Ante estas circunstancias, cabe preguntarse si realmente las administraciones están llevando a cabo una política adecuada con los barrios. Parece como que la gestión de las zonas del extrarradio guarda relación solo con los baches, una baldosa que sobresale en una acera, un banco en mitad de la nada, un columpio nuevo para el parque o un minúsculo «pipi-can» para que desfoguen las mascotas, en lugar de pensar un poco más allá y buscar fórmulas que aporten auténtica vida a estas zonas.

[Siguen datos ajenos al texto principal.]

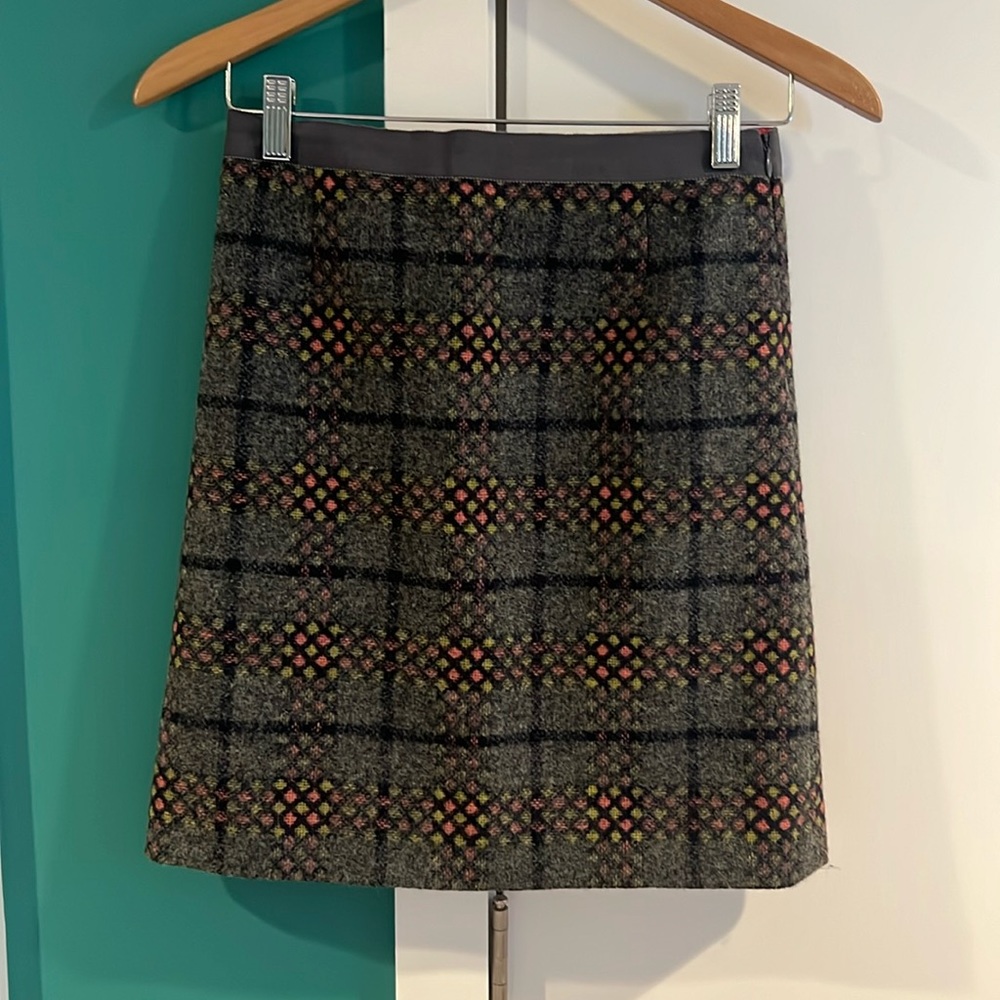 Boden British Tweed Mini Pencil Skirt Size 2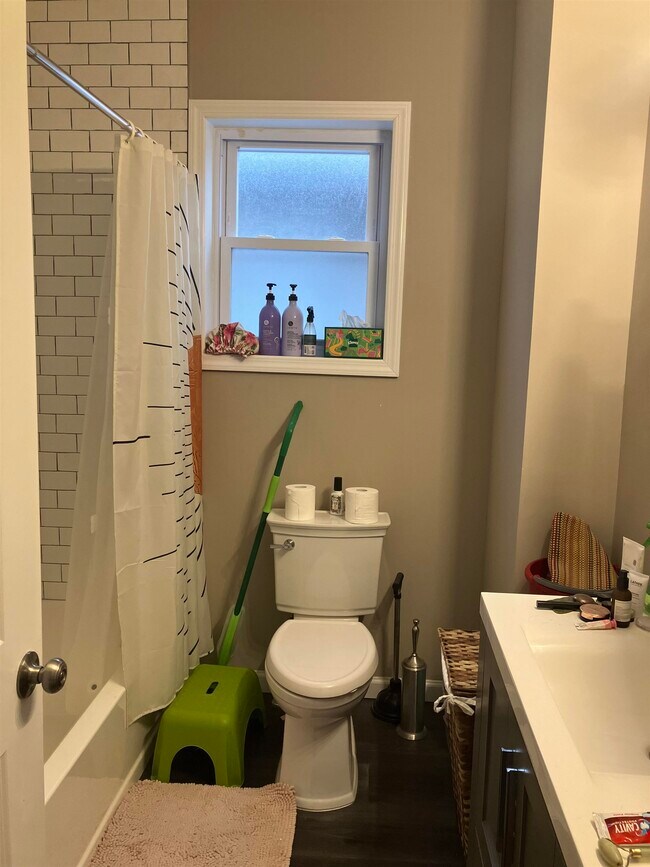 Photo - 124 W 27th St Unit 2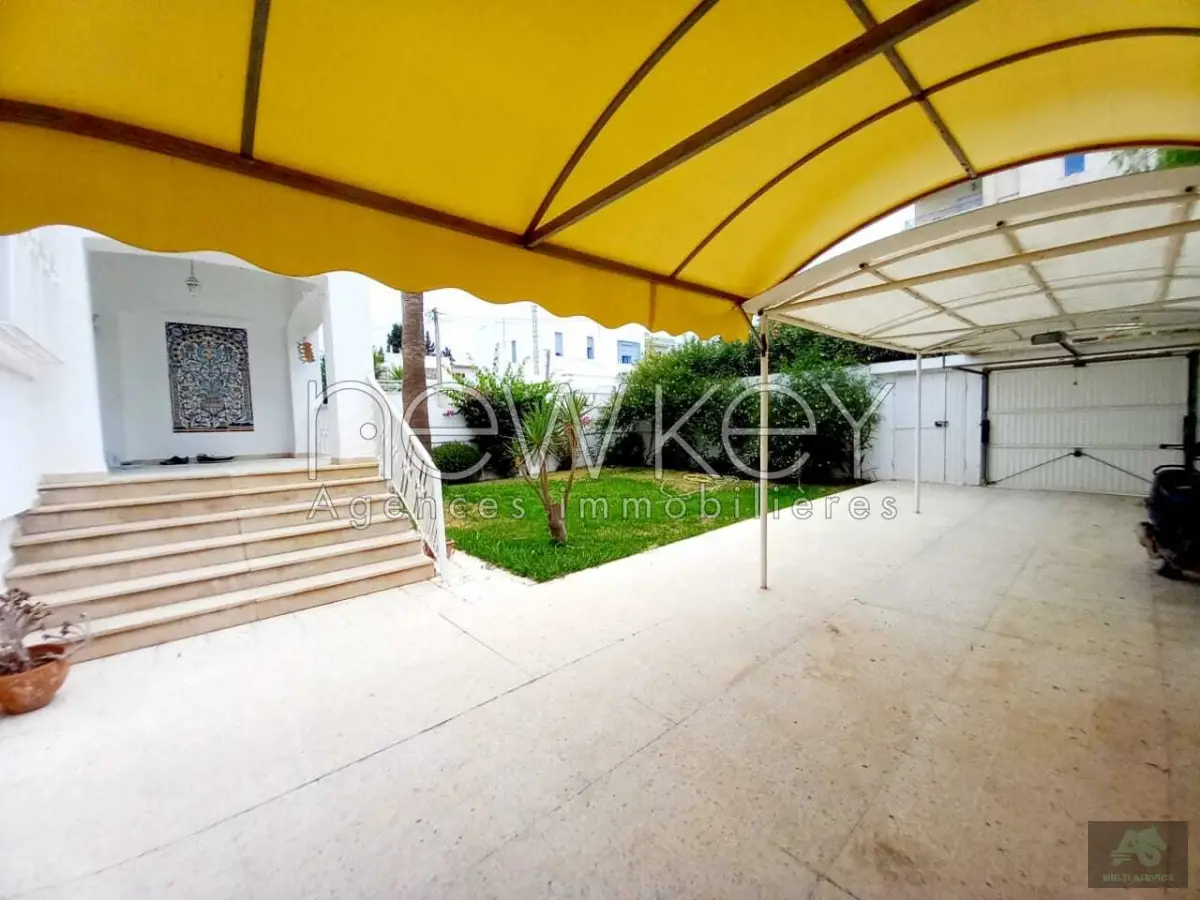 Duplex S+4 à la Marsa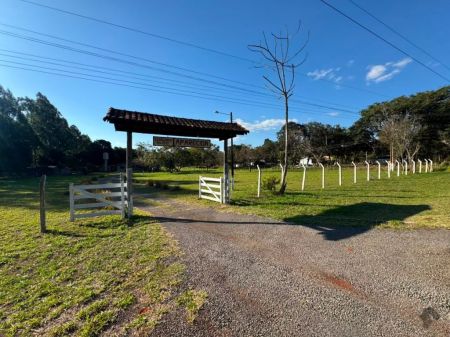 Chácara em Zona Rural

El Ayuntamiento lleva celebrando desde hace tres años unos encuentros de Participación Local, en los que busca dar visibilidad a lo que hacen las asociaciones de los barrios de Salamanca. Allí y en otros foros, los vecinos exponen sus quejas: que si no hay aparcamientos suficientes como en Pizarrales o Garrido Norte; que si nos vendría bien un centro de salud como en el Zurguén o ampliar el existente como en San José; que si pueden hacer fuerza con el Gobierno para que repare de una vez la avenida de La Salle, por donde pasan todos los días los residentes en Tejares, Chamberí o los Alcaldes; que si más zonas verdes para el Bretón y el Oeste... Eso está muy bien, pero se necesitan ideas que realmente revitalicen los barrios.